At least one media outlet, NESN.com, in a headline, wondered if Durant had exhibited poor sportsmanship. Flipboard characterized it as “a savage diss on (the) Wizards” — an overstatement to the 10th power. But hey, to each their own.

Here are five reasons this was a no-harm, no-foul event by our reckoning, a reverse “No mas” at worst:

One: Durant was jogging toward the Warriors bench after the time out was called. His back was to the Washington bench. He wasn’t making a big show of wanting to be subbed out. There was no  indication that he was mad, disgusted, disappointed or demeaning the Wizards. It was just another 10 seconds in another NBA game.

Two: Durant played for Wizards coach Scott Brooks when the two were with Oklahoma City. Washington assistant coach David Adkins coached Durant in high school. It makes no sense that Durant would burn those bridges for the sake of a “neener, neener, neener.”

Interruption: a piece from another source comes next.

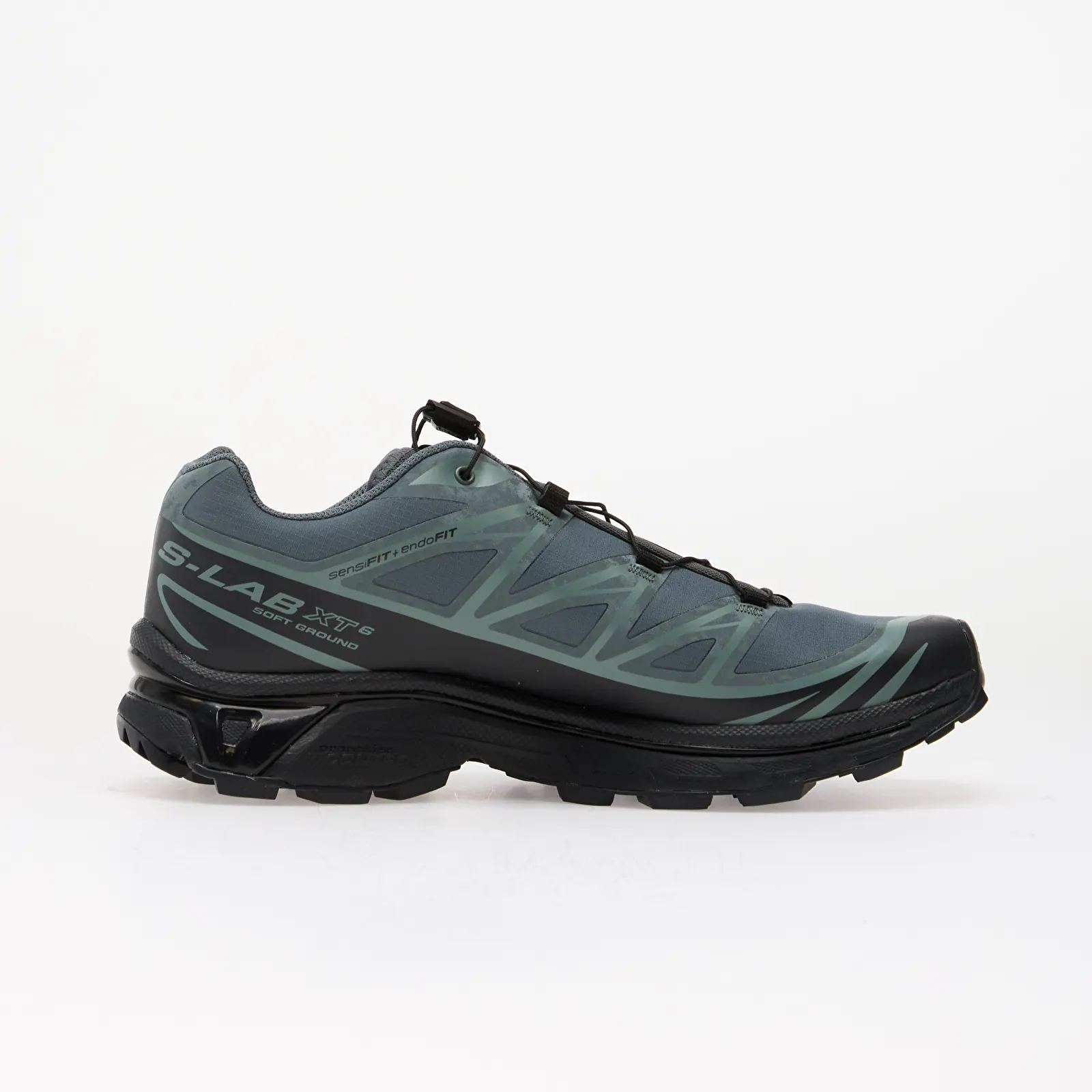 Baskets homme Salomon XT-6 Protective Stormy Weather/ Dark Navy/ Trooper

Three: Steph Curry, having bagged 51 points in the first three quarters of the game, was on the bench never to return. Everyone in the building who wasn’t standing in line for the nacho bar knew Durant was going to be joining Curry sooner rather than later.

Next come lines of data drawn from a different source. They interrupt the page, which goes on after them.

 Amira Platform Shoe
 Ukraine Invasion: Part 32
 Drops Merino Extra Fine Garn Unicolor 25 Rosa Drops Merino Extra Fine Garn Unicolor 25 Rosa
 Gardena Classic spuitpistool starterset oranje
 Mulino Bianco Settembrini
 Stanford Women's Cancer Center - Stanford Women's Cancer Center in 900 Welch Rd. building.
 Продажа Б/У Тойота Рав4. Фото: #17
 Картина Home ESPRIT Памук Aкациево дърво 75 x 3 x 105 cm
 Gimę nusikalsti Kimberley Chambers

Four: Recall a couple weeks ago when an exasperated Kerr was ejected from an exhibition game and told the referee, “I don’t want to be here anyway.” This was kind like an offshoot of that. Granted, that was the preseason, not the regular season. But it’s too amusing an anecdote to leave on the cutting room floor.

Five: The Wizards allowed 144 points Wednesday night (80 in the first half), were outrebounded 48-34, were outshot 57.6 percent to 45.2 percent, missed 30 of their 42 3-point shots, and lost their fifth game in a row at Oracle Arena. How would you characterize that? Operators are standing by.